Chef Fabrice Giraud: Oui, je n’ai jamais rêvé d’autre chose. Je n’étais d’ailleurs pas très doué à l’école et il fallait un assez bon dossier pour rejoindre l’école hôtelière, j’ai donc dû mettre les bouchées doubles pour avoir une bonne année et là j’ai foncé dans un lycée hôtelier, je ne voulais plus continuer l’enseignement classique. J’aimais manger mais ma vraie passion c’était de donner aux autres du plaisir, les surprendre.

 


Vous faites référence à un lycée hôtelier à Marseille, à Bonneveine ?


Avant il n’y avait qu’un CFA et ensuite il y a eu ce premier lycée hôtelier qui a été mis en place en 83. J’ai de beaux souvenirs, il s’agissait de l’ouverture, tout était neuf, ils voulaient concurrencer le plus beau, celui de Nice, on avait donc toutes les chances de notre côté et un enseignement de première qualité.

 


Quelles sont les qualités les plus importantes à acquérir pour devenir chef ?


On apprend à tout faire, de la salle à la cuisine. J’aimais le contact avec les clients, les servir, avoir cette rigueur d’être à la fois relationnel et efficace, pour faciliter le travail des gens en cuisine. Mais mon choix s’est porté tout naturellement vers le métier de cuisinier. Il faut une certaine rigueur, se fixer des objectifs et s’y tenir, une sacrée discipline de travail. La vie n’est pas simple tous les jours, mais il faut savoir mettre ses humeurs de côté et avoir la hargne pour se dépasser et rester le plus professionnel possible pour donner le meilleur de soi-même. J’ai également appris à devenir le chef que j’aurai voulu avoir, pas le type qui ne sait pas se maîtriser, tapant à longueur de journée sur son équipe. Je voulais former des cuisiniers et leur apprendre à bien se coordonner, à garder l’esprit d’équipe. J’ai eu de mauvaises expériences, cela forme mais je ne voulais pas reproduire la même chose, surtout pas. Je me suis également construit grâce à des modèles positifs, des chefs d’exceptions qui m’ont donné envie de les imiter.

 


Qu’est-ce qui va, selon vous, distinguer un bon chef d’un mauvais chef ?


La passion. Si on fait ça seulement pour l’argent, c’est pas la peine, les sacrifices sont trop grands et on passe à côté de ce qui fait l’essence de ce métier. L’envie de donner envie aux autres, d’être avant tout au service du client, rester humble et continuer à se battre même si la route est très longue et pleines de déconvenues. La capacité d’adaptation est prioritaire, toute forme de rigidité est à bannir si l’on veut apprendre et évoluer dans son art. Je prends l’exemple de mon travail en Chine, ce qui pour nous va être correctement assaisonné, pour eux, cela va être trop. Il faut savoir s’adapter à la demande et aux différentes cultures gastronomiques. Ils utilisent beaucoup de sauce soja, il faut donc composer avec et le défi est justement là . On apprend parfois plus avec ce qui peut apparaître au premier abord comme une forme de contrainte. Je suis arrivé là-bas avec une tonne d’idées mais sur place tu t’adaptes, tu écoutes avant de proposer tes propres trucs. C’est un échange, tu dois goûter, voir du pays, être curieux, tu n’es pas là pour imposer ta propre culture, sinon tu restes à la maison (rires). J’ai d’abord commencé par donner des cours au Greta à Bordeaux, on apprend à des cuisiniers dans la gendarmerie, dans les hôpitaux, chez les pompiers, on réapprend à lever du filet de poisson, on réinterprète les « basiques», on redonne la passion à des gens qui l’avaient perdue.

 


Cette volonté de partage, cette passion, était-elle présente à Shanghai ou à Istanbul ?

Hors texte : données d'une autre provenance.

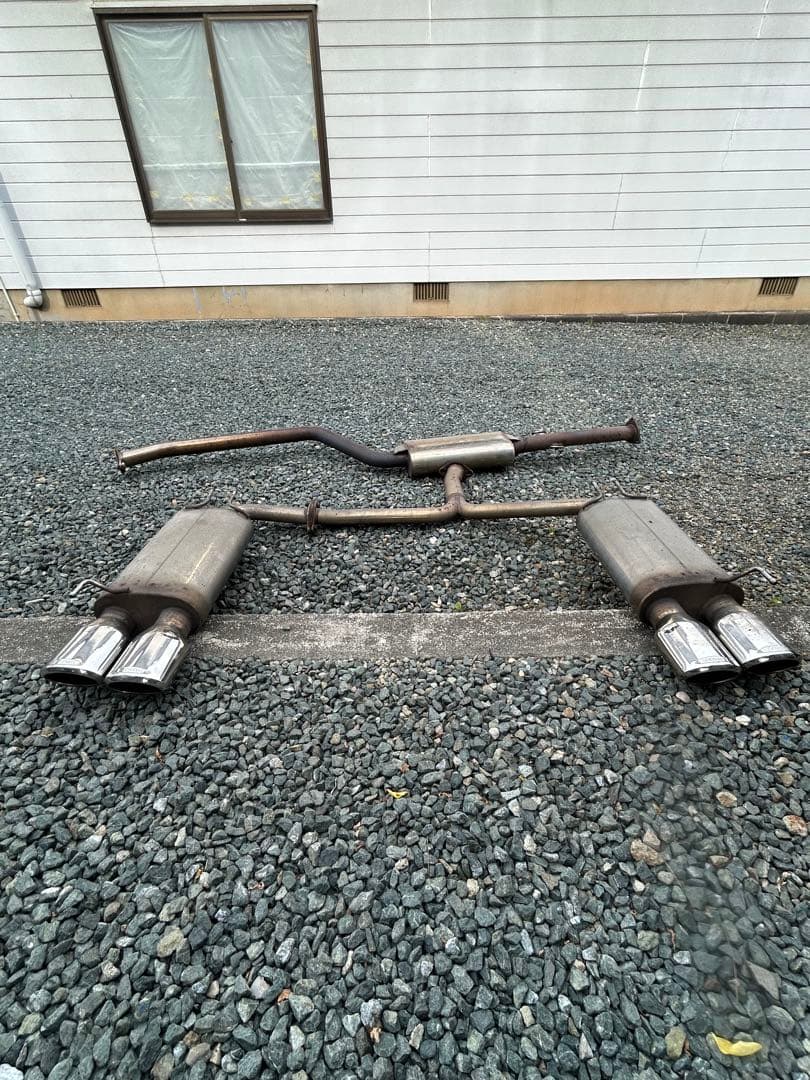 RB3 オデッセイ☆アブソルート用ノブレッセ 4本出しマフラー　中古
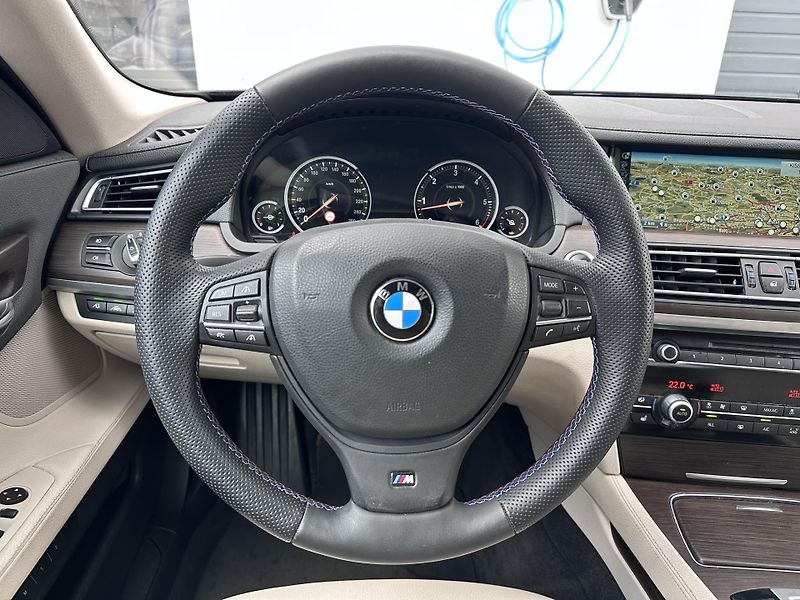BMW Řada 7 730d  - fotka 10 z 24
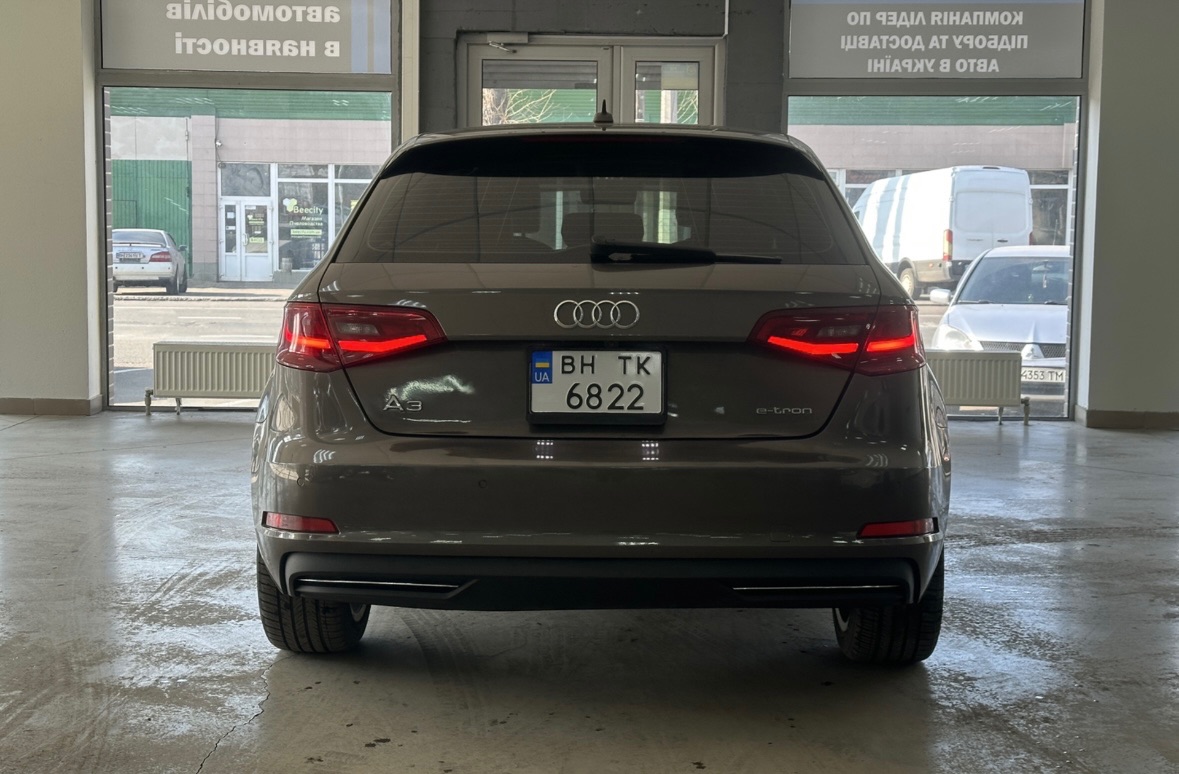 Audi A3 - фото 12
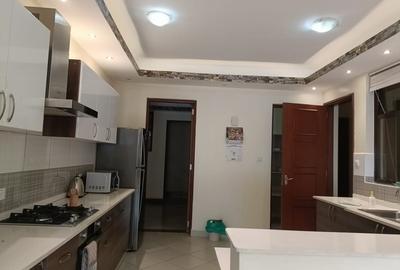 Serviced 4 Bed Apartment with En Suite at Parklands - 3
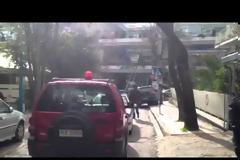 Δείτε φωτογραφ'ιες και βίντεο από το Μαρούσι όπου υπάρχει απειλή για βόμβα στο εμπορικό κέντρο Αίθριο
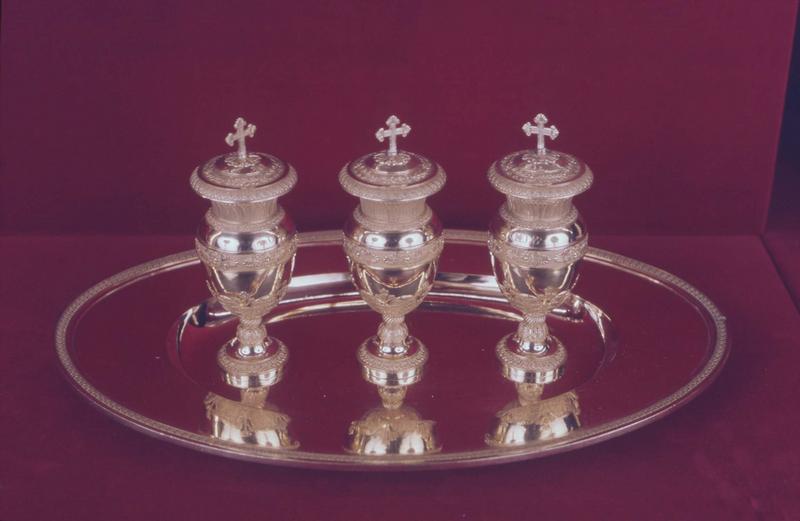 3 ampoules aux saintes huiles et plateau de la chapelle du prélat consécrateur (service du sacre de Charles X)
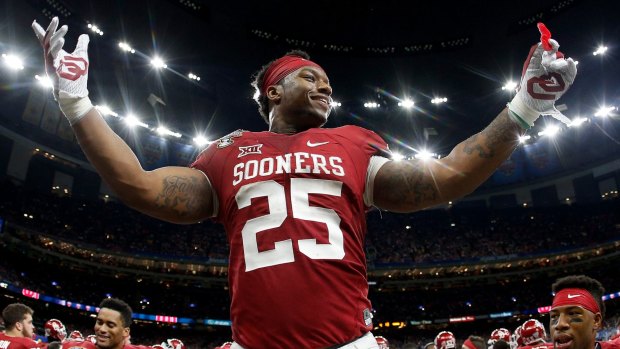 Joe Mixon celebrates after scoring a touchdown for the Oklahoma Sooners.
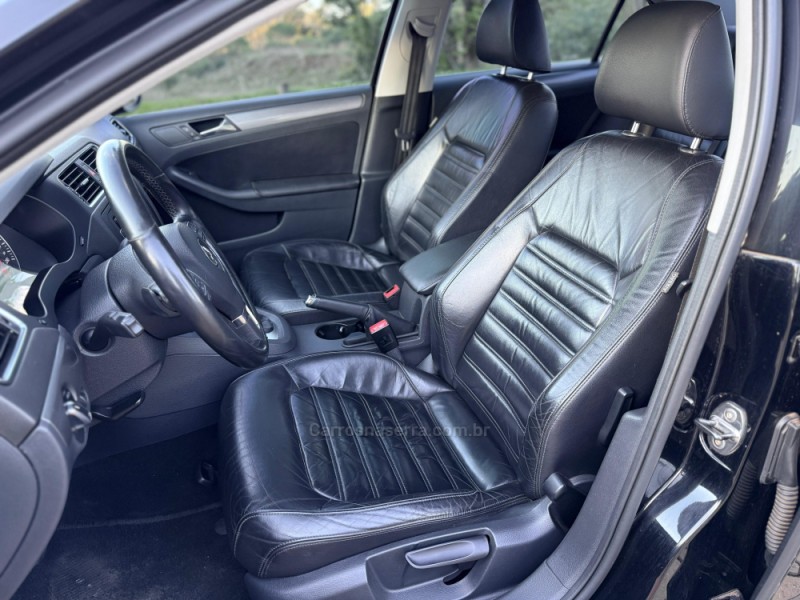 JETTA 2.0 TSI HIGHLINE 211CV GASOLINA 4P DSG - 2011 - CASCA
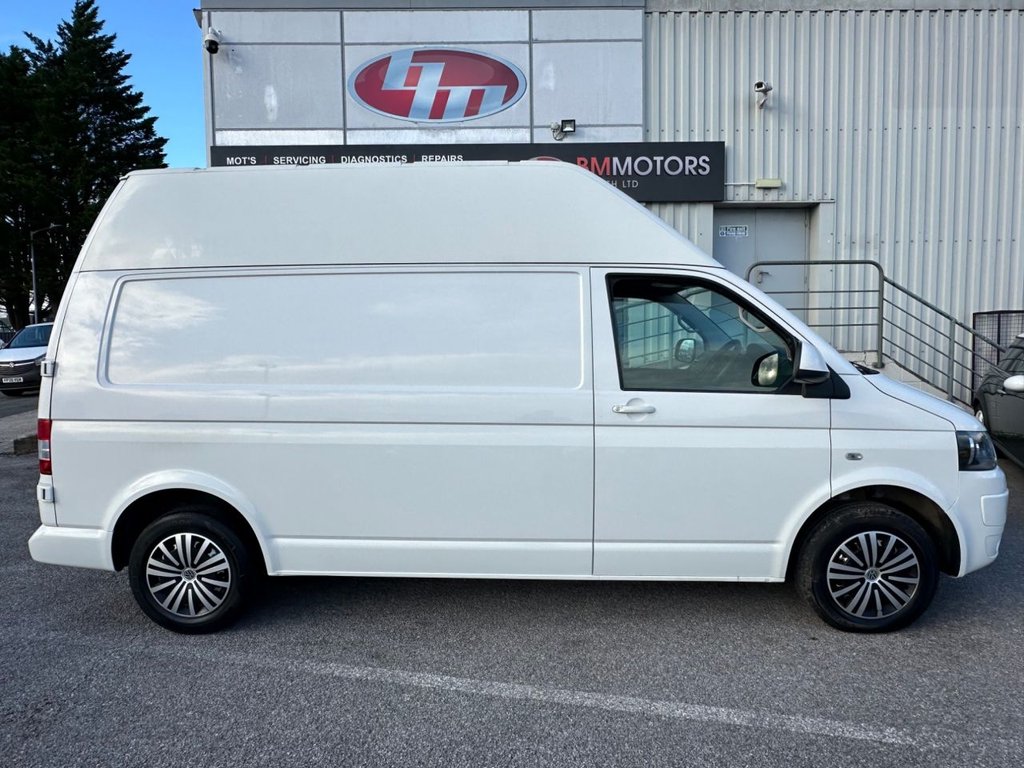 Used Volkswagen Transporter 2015 for sale - 77748293: Photo 2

Il y a du bon et du mauvais partout, les chefs qui ont travaillé avec moi dans ces pays m’ont appris des choses autant qu’ils ont appris de moi. Il n’y avait pas de secret entre nous, ceux qui n’ont pas eu cette passion du partage, nos chemins se sont séparés tout naturellement. Grâce à ce métier j’ai voyagé, aujourd’hui je viens ici en Roumanie, je découvre les pays de l’Est, c’est une chance incroyable. Ici ils recherchent des chefs, car ce métier fait rêver mais les gens qui n’ont pas la passion abandonnent vite face à l’exigence et à la réalité du métier. J’écris à la main des cahiers de recette, je note toutes mes découvertes, je ne laisse rien se perdre. Le grand chef Louis Outhier, trois étoiles au Michelin, passionné du Japon, m’a appris sa recette d'herbes thaï absolument géniale pour les langoustines, et je l’ai gardée, ce sont des trésors.

 


Vous avez évoqué à la conférence de presse votre volonté de proposer un plat de risotto avec des betteraves, en expliquant le lien que vous vouliez faire avec la Roumanie. Mais le risotto, pourquoi, car il s’agit avant tout d’un plat d’Italie ?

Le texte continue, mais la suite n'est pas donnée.